Même si j’ai trouvé la troisième semaine un peu longue, je ne regrette absolument pas cette expérience. Mon mari ayant pris son congé paternité pendant la même période (sur 10 jours donc), nous avons pu prendre nos marques chez nous en toute confiance : donner le bain, interpréter les pleurs du bébé, et surtout, surtout une aide immense pour l’allaitement ! Elle a été à mes côtés à chaque fois pour vérifier la position et aider ma fille à mieux prendre le sein (elle ne prenait souvent que le bout du téton dans la bouche), en plus de me masser la poitrine pour désengorger. Et bien sûr, trois semaines sans se soucier une seule fois des repas.
Bref, une aide immense, qui explique l’absence de baby blues selon moi.

k

La chaleur, une valeur essentielle

En dehors de ces systèmes d’accompagnement, la culture coréenne imprègne fortement la période du post-partum que je résumerais grossièrement en un concept : la chaleur ! Ce n’est pas propre à la Corée et cette notion est liée à la médecine traditionnelle (tant coréenne que chinoise d’ailleurs) : le sang est un élément chaud, et la mère perdant du sang lors de l’accouchement et par la suite avec les lochies, il est indispensable de la préserver du froid.
Cela veut dire pas de boissons ni de plats froids, pas de courant d’air, mettre des chaussettes (je me souviens encore du premier jour où l’aide postnatale est arrivée chez nous et qui, me voyant pieds nus, m’a directement indiqué qu’il fallait porter des chaussettes, même pour dormir), ou encore des bains de pieds et de mains (qui sont également bons pour la circulation sanguine et la rétention d’eau).
Bref, une panoplie de règles auxquelles je me suis pliée sans trop de difficultés, même si j’y ai parfois dérogé (quelques boissons froides dans la chaleur des mois de mai et juin…).

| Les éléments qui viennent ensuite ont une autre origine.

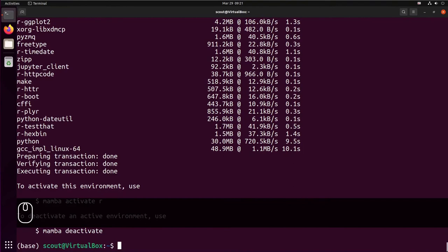Okay, so now the installation has been complete. You can see at the very end that Mamba tells us how to use R from the environment. I'll clean my screen and I'm going to show you that R is installed.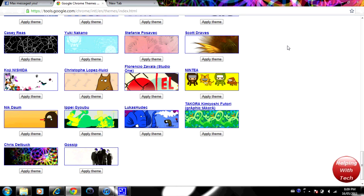If you don't have Google Chrome yet, definitely go check it out. Definitely worth downloading on your computer. It's much faster and better than something like Internet Explorer, and I personally prefer it more than Firefox.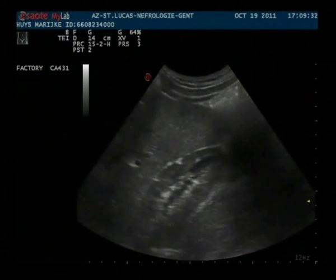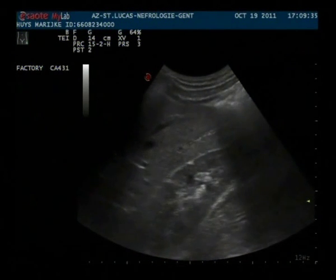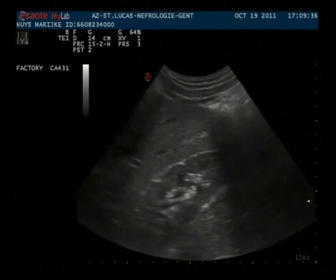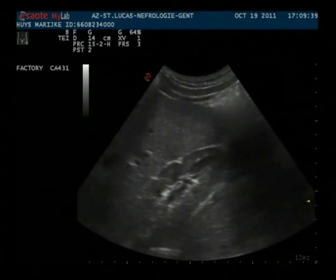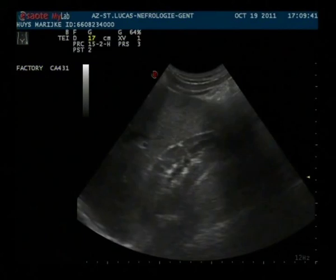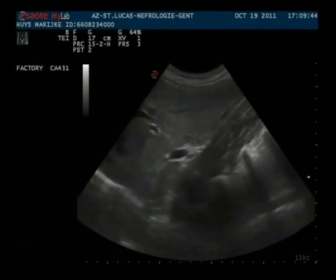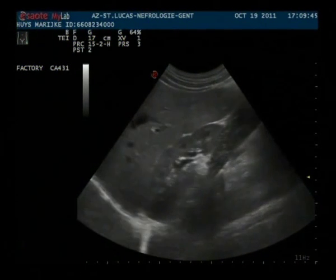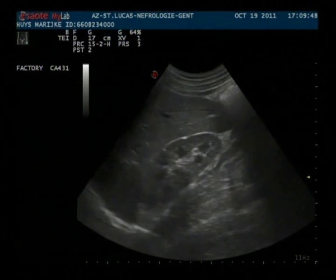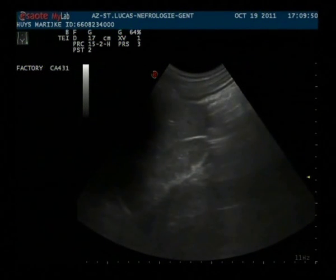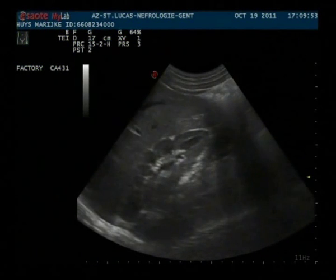In this image we see the liver with underneath the right kidney in a longitudinal axis. Normally the surface of the kidney is very smooth, but here we can see that there are several indentations, and these are sequelae of pyelonephritis.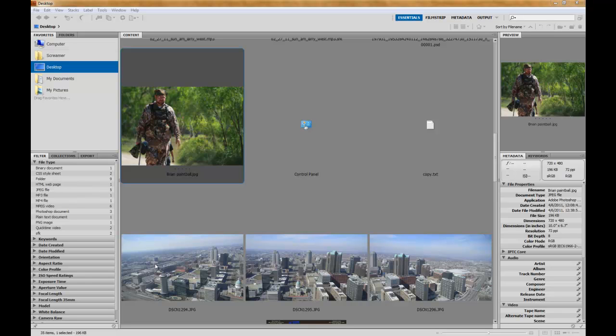We're going to take these three pictures right here a friend of mine took while he was in St. Louis and we're going to create a panoramic image out of these three.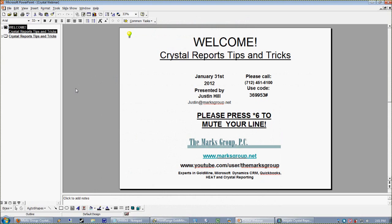Okay everybody, we're going to go ahead and get underway. My name is Justin Hill, thanks for joining us for our January 2012 edition of Crystal Reports tips and tricks.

En Corée, l’aliment qui accompagne chaque repas de la jeune mère est l’algue appelée miyok, ou wakamé en France (je vous laisse le lien wikipédia pour en découvrir plus), cuisinée sous forme de soupe (chaude bien entendu !). Riche en calcium, en fer, en minéraux etc. – la liste de ses vertus est longue ! – je ne me suis pas lassée de ce plat, que j’adorais déjà avant, pendant les trois premières semaines de mon post-partum.

J’avoue que mes recherches et mon intérêt pour le post-partum en Corée étaient très maigres et que c’est avec l’aide postnatale que je découvert tout ceci (mon mari ne connaissais rien non plus, et a écouté et suivi les conseils, en me donnant des bains de pieds et mains en l’absence de l’aide à domicile le week-end, m’apportant du lait de soja et une banane pendant que j’allaitais et plein d’autres attentions).
Toutes ces règles étaient par moments frustrantes et pas toujours évidentes à suivre (les sensations de chaleur n’étaient pas toujours agréables et j’avais parfois des envies de frais !), mais cela reste une expérience très positive et reposante. Pendant ce premier mois je suis d’ailleurs très peu sortie (chez le pédiatre ou à l’ambassade pour déclarer la naissance de notre fille, peut-être une fois à la supérette, c’est tout je crois), et nous n’avons eu presque pas de visite (il est coutume d’attendre 50 jours avant d’en recevoir).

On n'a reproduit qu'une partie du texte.